EXERCISE DESCRIPTION: Lines from the start of the data through the line containing "Heron Preston Camiseta" must be given again exactly. Leave the others out.
########
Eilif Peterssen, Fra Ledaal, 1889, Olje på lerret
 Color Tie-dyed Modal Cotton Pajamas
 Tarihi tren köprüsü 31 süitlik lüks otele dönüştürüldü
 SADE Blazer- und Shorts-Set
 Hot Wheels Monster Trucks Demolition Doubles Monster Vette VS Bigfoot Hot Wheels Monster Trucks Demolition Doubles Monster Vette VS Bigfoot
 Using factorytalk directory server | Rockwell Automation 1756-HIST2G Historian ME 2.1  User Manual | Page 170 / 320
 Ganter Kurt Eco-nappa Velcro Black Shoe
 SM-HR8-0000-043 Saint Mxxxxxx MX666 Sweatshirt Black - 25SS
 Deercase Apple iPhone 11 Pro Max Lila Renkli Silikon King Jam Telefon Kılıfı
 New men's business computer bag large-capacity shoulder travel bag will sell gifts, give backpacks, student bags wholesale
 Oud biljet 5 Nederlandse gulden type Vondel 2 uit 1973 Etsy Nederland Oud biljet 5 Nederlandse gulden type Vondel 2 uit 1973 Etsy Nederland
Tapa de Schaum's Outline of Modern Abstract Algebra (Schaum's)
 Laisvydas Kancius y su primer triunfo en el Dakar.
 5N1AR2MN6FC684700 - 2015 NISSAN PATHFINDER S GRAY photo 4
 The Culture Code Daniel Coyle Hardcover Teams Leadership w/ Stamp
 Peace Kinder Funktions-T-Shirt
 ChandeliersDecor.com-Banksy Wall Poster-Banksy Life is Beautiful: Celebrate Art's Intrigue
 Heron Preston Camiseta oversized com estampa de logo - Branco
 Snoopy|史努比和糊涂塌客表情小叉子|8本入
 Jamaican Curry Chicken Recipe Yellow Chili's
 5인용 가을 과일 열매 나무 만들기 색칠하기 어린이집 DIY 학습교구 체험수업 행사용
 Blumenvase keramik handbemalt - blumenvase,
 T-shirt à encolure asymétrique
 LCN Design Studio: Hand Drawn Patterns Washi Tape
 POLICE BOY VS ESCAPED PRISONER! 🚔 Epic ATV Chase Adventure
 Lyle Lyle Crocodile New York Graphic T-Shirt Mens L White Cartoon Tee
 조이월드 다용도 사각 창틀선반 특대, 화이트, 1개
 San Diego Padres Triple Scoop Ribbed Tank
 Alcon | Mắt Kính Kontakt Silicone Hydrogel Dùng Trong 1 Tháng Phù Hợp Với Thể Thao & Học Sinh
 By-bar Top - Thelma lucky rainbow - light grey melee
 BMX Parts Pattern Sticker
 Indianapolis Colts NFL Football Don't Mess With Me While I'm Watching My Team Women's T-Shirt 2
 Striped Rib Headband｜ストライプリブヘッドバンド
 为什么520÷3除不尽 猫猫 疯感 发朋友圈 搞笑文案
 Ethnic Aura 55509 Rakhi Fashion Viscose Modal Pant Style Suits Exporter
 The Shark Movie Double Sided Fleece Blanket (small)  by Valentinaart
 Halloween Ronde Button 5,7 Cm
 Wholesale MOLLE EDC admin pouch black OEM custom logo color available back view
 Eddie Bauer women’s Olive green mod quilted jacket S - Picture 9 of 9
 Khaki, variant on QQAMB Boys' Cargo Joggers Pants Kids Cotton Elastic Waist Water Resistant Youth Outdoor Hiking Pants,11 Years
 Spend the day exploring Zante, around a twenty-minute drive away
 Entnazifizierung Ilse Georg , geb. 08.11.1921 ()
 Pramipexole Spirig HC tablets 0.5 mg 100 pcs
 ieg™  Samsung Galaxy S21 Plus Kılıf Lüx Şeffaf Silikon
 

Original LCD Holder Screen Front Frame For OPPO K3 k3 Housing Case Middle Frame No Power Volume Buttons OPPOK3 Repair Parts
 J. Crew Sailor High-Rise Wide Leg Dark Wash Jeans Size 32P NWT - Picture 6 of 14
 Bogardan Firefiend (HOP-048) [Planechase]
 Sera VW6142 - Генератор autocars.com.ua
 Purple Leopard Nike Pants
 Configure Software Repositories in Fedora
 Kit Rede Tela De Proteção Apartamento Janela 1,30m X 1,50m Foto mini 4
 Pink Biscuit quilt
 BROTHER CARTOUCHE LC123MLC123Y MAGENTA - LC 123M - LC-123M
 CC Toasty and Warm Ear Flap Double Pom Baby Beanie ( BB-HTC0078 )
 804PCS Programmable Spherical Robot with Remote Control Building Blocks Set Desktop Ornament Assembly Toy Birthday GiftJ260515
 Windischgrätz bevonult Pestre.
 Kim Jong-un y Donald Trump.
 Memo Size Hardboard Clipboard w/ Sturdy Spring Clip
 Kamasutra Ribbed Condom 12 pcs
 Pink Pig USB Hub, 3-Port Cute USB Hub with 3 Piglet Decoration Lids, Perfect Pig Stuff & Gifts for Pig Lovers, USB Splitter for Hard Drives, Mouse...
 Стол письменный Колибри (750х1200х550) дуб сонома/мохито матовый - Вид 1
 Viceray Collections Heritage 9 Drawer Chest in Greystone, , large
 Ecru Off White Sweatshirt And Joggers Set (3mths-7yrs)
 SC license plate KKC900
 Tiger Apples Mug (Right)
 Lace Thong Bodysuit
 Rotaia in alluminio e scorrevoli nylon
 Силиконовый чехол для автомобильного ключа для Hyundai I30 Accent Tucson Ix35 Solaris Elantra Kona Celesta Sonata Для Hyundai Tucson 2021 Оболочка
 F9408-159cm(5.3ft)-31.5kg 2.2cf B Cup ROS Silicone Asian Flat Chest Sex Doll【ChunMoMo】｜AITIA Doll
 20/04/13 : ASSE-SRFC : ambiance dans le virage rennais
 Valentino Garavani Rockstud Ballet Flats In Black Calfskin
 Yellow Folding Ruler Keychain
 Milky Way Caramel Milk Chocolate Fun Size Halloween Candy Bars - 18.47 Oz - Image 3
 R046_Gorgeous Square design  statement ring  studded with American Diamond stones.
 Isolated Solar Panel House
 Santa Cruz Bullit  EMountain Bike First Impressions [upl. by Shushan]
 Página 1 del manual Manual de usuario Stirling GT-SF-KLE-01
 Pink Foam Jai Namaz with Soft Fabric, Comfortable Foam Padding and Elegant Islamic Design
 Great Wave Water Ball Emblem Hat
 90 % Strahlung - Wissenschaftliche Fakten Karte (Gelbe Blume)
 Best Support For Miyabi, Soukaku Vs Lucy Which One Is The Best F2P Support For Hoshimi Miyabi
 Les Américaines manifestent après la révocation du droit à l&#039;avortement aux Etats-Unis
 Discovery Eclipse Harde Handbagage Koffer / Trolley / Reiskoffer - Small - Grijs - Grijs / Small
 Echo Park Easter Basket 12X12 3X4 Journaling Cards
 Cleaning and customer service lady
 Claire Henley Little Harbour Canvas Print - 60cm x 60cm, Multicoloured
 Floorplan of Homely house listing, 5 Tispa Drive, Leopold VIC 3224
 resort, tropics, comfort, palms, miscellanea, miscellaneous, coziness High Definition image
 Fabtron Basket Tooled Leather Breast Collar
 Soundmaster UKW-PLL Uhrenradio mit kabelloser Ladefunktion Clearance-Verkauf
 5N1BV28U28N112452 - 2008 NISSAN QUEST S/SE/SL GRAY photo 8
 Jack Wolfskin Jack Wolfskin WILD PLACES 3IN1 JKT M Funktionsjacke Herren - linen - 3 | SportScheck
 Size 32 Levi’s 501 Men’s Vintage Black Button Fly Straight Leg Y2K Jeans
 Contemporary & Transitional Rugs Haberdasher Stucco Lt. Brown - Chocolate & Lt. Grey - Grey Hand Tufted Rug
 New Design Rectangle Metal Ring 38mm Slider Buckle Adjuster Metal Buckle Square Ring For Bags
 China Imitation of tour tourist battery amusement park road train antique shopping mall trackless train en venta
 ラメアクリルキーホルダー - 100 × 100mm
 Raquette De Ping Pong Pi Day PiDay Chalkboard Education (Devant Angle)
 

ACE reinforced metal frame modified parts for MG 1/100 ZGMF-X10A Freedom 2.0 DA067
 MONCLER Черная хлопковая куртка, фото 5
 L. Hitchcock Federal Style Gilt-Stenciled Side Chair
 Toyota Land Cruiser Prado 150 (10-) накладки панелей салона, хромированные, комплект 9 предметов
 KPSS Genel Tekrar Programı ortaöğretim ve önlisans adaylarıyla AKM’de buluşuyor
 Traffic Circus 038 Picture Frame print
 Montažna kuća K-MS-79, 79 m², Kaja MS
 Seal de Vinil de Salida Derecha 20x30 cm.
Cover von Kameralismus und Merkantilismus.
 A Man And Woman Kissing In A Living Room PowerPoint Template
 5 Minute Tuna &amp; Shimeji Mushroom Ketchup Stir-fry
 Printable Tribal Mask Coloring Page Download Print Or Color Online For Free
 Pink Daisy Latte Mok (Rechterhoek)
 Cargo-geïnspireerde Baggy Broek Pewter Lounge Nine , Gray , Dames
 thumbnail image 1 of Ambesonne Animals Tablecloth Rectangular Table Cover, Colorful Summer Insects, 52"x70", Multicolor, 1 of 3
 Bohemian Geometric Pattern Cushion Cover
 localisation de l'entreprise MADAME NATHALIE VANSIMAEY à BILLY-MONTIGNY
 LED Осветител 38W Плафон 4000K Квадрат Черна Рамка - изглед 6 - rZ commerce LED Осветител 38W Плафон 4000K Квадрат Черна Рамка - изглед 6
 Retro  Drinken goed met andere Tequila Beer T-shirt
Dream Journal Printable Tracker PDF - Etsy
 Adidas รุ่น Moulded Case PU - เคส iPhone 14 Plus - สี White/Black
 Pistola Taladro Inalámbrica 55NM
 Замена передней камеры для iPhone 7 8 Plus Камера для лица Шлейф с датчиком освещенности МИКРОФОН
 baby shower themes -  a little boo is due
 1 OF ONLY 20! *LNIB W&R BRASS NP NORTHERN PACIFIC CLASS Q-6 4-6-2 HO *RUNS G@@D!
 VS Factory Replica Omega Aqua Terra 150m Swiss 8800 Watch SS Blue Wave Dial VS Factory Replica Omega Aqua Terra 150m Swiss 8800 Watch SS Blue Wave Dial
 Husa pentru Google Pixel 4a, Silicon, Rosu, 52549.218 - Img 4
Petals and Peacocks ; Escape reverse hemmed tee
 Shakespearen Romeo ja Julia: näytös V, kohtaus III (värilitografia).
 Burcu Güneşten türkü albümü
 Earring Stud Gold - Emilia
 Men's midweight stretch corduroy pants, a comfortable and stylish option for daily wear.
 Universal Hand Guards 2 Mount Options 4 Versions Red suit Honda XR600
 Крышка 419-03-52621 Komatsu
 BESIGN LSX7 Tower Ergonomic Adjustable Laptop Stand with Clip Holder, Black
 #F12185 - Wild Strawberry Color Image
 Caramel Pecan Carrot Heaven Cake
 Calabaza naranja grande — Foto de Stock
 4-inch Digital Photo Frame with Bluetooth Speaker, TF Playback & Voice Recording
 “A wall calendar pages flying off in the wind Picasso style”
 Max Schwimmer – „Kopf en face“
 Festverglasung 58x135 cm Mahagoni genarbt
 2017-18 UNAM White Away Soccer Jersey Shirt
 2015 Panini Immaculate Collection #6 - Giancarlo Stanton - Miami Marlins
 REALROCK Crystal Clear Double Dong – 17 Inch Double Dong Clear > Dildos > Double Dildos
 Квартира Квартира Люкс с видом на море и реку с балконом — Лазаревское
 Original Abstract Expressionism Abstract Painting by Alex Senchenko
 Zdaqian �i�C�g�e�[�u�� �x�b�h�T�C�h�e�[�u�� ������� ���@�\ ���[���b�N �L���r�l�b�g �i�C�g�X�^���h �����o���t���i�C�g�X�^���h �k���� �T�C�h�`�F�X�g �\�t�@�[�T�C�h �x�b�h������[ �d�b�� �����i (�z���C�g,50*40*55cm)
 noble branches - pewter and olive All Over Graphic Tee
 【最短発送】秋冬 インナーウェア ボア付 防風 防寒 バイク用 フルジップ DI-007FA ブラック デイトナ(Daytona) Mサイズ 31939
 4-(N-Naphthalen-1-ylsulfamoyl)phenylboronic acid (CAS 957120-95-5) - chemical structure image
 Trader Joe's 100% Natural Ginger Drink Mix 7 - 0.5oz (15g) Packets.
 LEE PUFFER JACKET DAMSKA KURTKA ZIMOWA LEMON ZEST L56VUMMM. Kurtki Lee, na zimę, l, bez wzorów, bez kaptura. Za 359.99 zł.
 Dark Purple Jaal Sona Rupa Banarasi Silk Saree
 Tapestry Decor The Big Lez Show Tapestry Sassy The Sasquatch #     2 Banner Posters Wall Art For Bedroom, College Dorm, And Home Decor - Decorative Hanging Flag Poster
########
REPLY:
Eilif Peterssen, Fra Ledaal, 1889, Olje på lerret
 Color Tie-dyed Modal Cotton Pajamas
 Tarihi tren köprüsü 31 süitlik lüks otele dönüştürüldü
 SADE Blazer- und Shorts-Set
 Hot Wheels Monster Trucks Demolition Doubles Monster Vette VS Bigfoot Hot Wheels Monster Trucks Demolition Doubles Monster Vette VS Bigfoot
 Using factorytalk directory server | Rockwell Automation 1756-HIST2G Historian ME 2.1  User Manual | Page 170 / 320
 Ganter Kurt Eco-nappa Velcro Black Shoe
 SM-HR8-0000-043 Saint Mxxxxxx MX666 Sweatshirt Black - 25SS
 Deercase Apple iPhone 11 Pro Max Lila Renkli Silikon King Jam Telefon Kılıfı
 New men's business computer bag large-capacity shoulder travel bag will sell gifts, give backpacks, student bags wholesale
 Oud biljet 5 Nederlandse gulden type Vondel 2 uit 1973 Etsy Nederland Oud biljet 5 Nederlandse gulden type Vondel 2 uit 1973 Etsy Nederland
Tapa de Schaum's Outline of Modern Abstract Algebra (Schaum's)
 Laisvydas Kancius y su primer triunfo en el Dakar.
 5N1AR2MN6FC684700 - 2015 NISSAN PATHFINDER S GRAY photo 4
 The Culture Code Daniel Coyle Hardcover Teams Leadership w/ Stamp
 Peace Kinder Funktions-T-Shirt
 ChandeliersDecor.com-Banksy Wall Poster-Banksy Life is Beautiful: Celebrate Art's Intrigue
 Heron Preston Camiseta oversized com estampa de logo - Branco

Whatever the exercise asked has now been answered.